How do we understand this curious remove from real confrontation into an altered consciousness, one that portrays conflict but in another world: in the amusing realm of reality TV? We may understand this as a form of dissociation, a typical action of an individual or a group that is inside a truamatizing situation that renders the self or the group helpless. As the American right has become more extreme, as it has become seemingly more mainstream, moderate citizens have felt increasingly helpless in the face of this mass psychology. That is not so surprising. Obama has certainly tried to confront the right but he has simply become part of the "show". That is, if he says anything he cannot remove himself from showtime, from the collective defense against dealing with the reality of our world.

Although there is a long standing paranoid tradition in American politics, and although paranoids and the paranoid processes do paralyze non psychotic people, one solution to the problem is to create a discourse that examines the psychology of trauma. That would mean looking at the far right not as simply a group of loonies, but of understanding why so many people would develop such extreme views about being, for example, "over regulated by government." Why is this such an attractive idea? Why does the far right gain such currency with the fiction that we are the victims of a left wing conspiracy that aims to take away our freedom and turn us into something like the walking dead?

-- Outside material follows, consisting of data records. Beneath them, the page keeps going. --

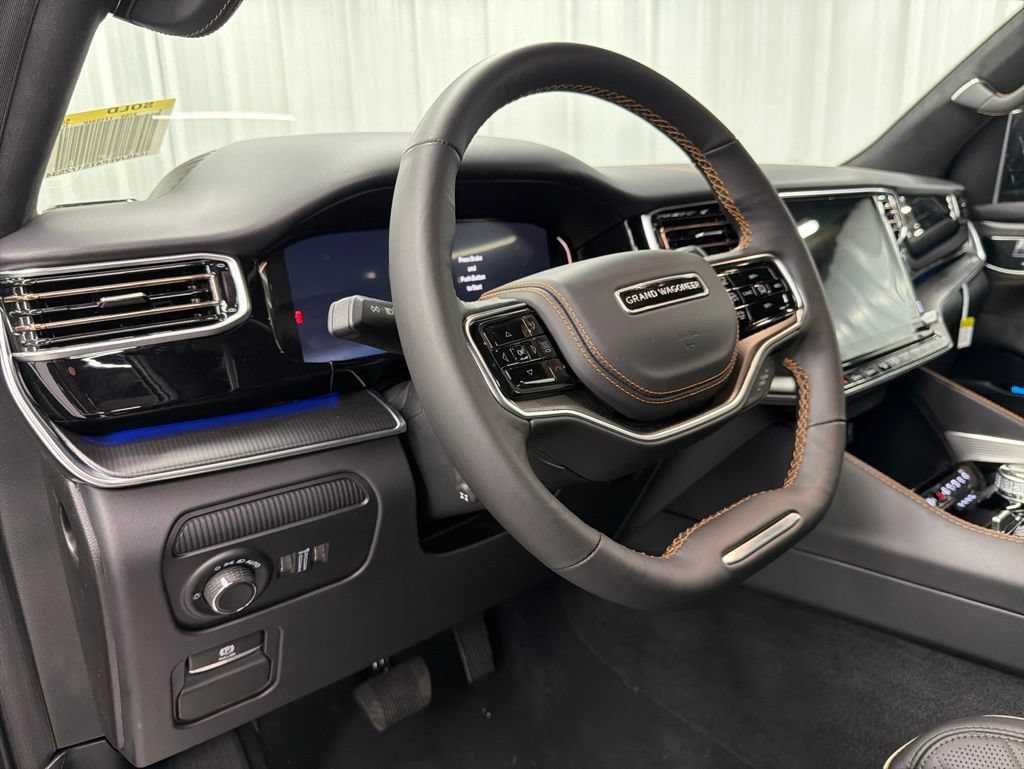New 2026 Jeep Grand Wagoneer Summit AWD/4WD image 19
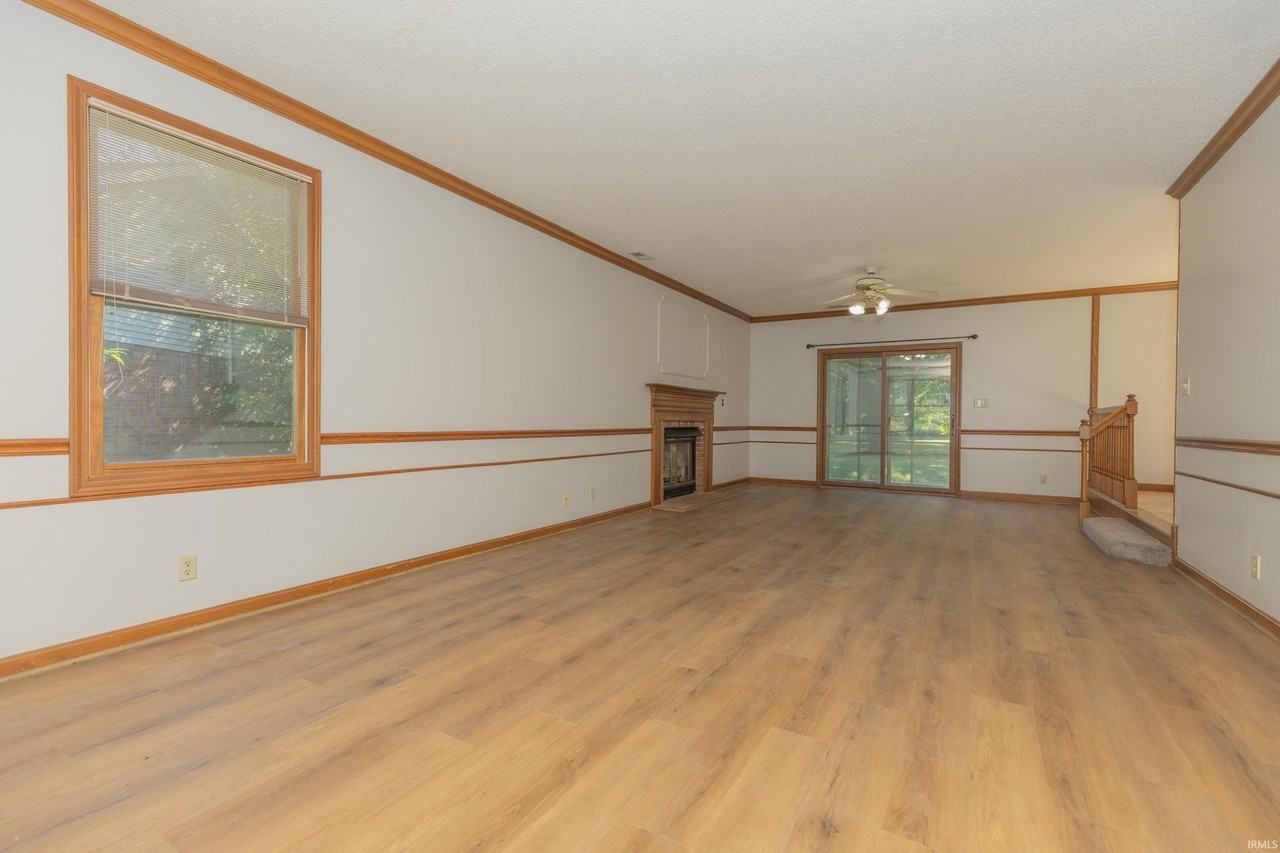 2939 Woodside Ct - Photo 5 of 25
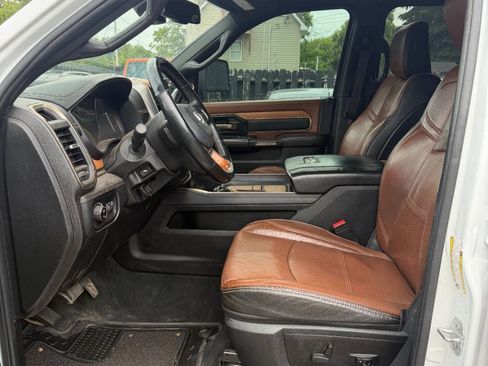 Used 2023 RAM 3500 Limited AWD/4WD image 3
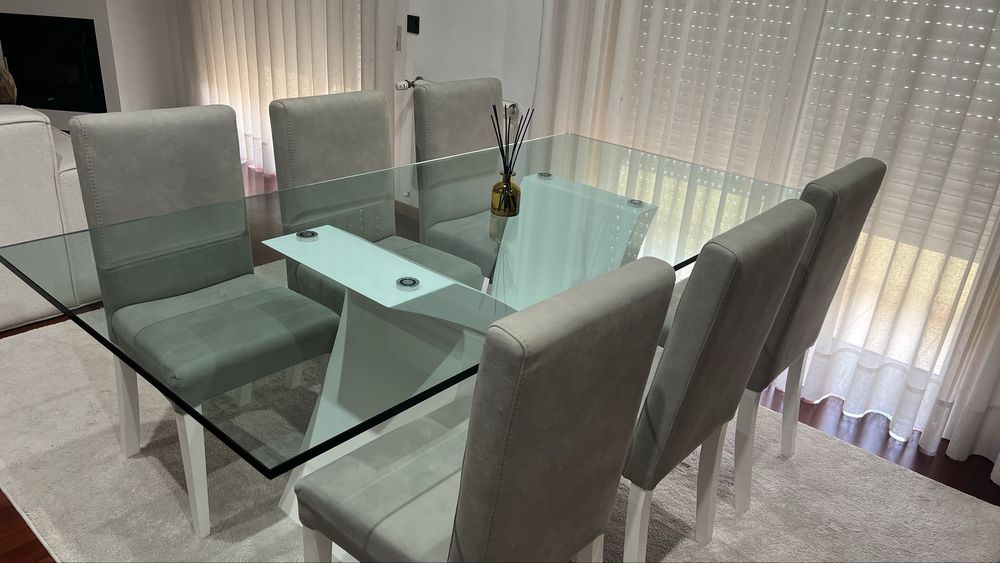 Conjunto mesa e cadeiras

Paranoids project. The very claims they make about Obama or the so-called left are the parts of their own personalities that are active. The fear of over-regulation is dominant because the more disinhibited the right becomes, the less responsible or self-regulating it becomes, the more it projects the need for regulation into others. In this case the left.

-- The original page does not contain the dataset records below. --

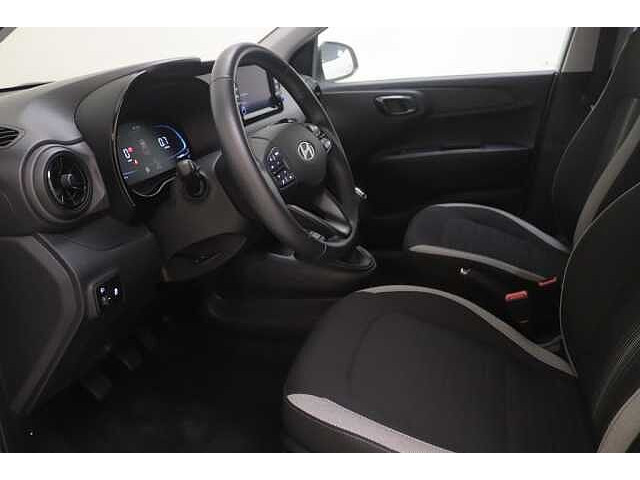 Hyundai i10 1.0 - 6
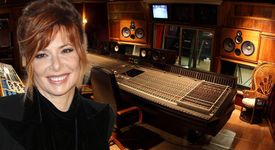 Mylène Farmer et Cécile de France au Studio Guillaume Tell, à Suresnes
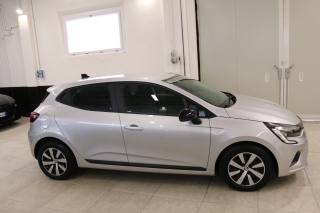 RENAULT Clio usata, con Climatizzatore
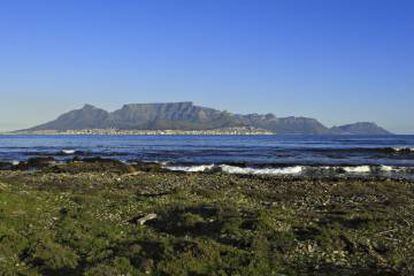 Ciudad del Cabo y Table Mountain vistas desde Robben Island, en Sudáfrica.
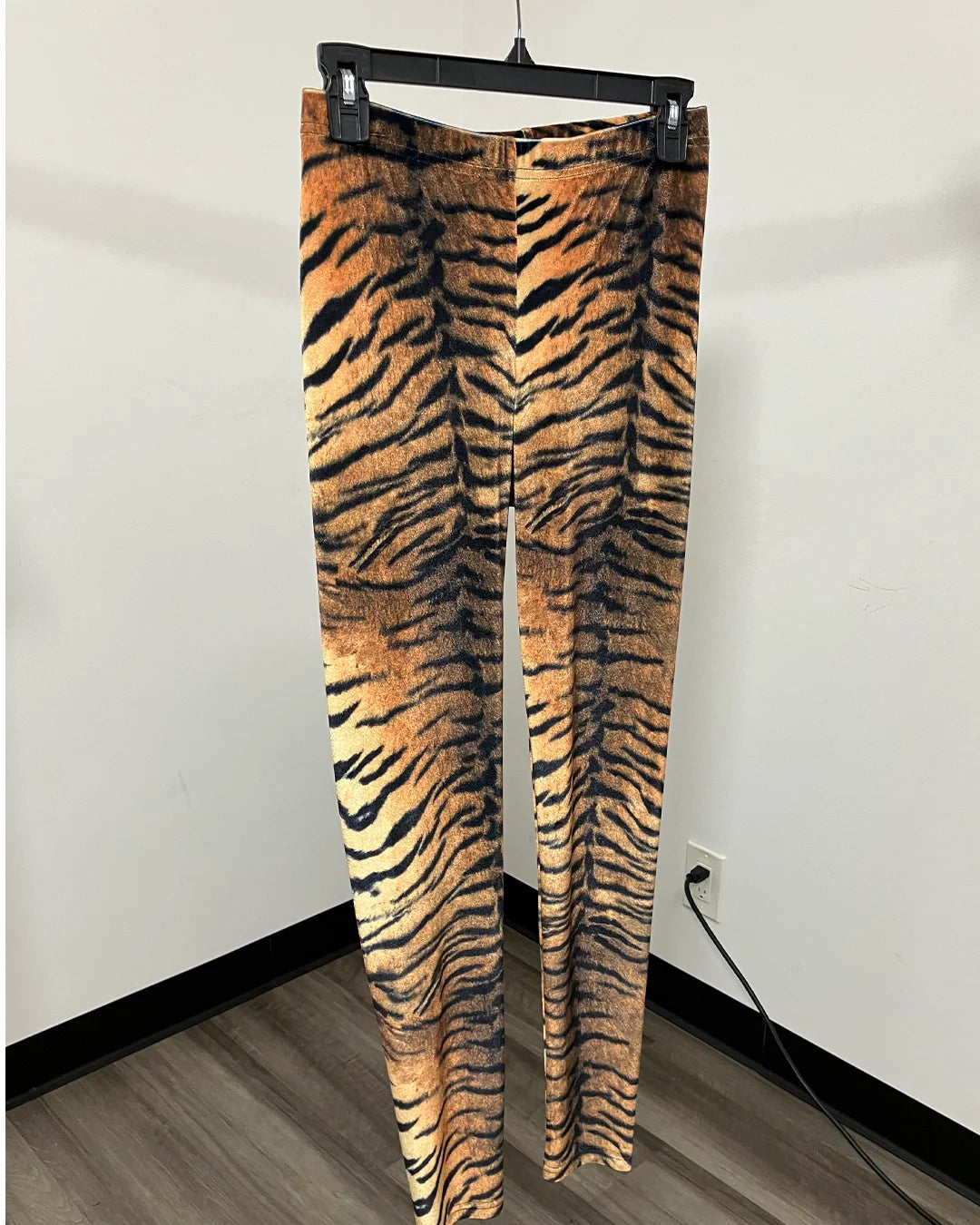 *Sample* Velvet Leggings | Tiger - SMALL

But why the loss of self regulation? Why give in to rather nutty ideas? If a large part of the American population feel helpless and live close to the poverty line--and we know millions of Americans live such lives--then one is less in charge of one's own fate. The members of the Tea Party I know are middle income to lower income individuals who are genuinely anxious about surviving and as their anxiety increases they become less and less able to control their own anxieties, they become more angry, they become more paranoid. The fear of being over regulated is an unconscious wish for such regulation to arrive. The hatred of those who are imagined to be "socialists" is unconscious hate directed at the part of the self's loss of self-regulation and unconscious hunger for mass regulation and provision.

At any moment in time, people who feel helpless will join up with the paranoid process in American politics and indeed prove a challenge to anyone who would want to restore people to saner processes of thought. To do so is not impossible. But it does ask of the moderate electorate what we might think of as a psychological mindedness that sees in the extremist an ordinary person who needs a different type of engagement than vilification. To help ourselves through the dilemmas posed by psychotic processes operating on a national scale, we are going to have to become more willing to look into human psychology to develop a different form of political engagement than "showtime."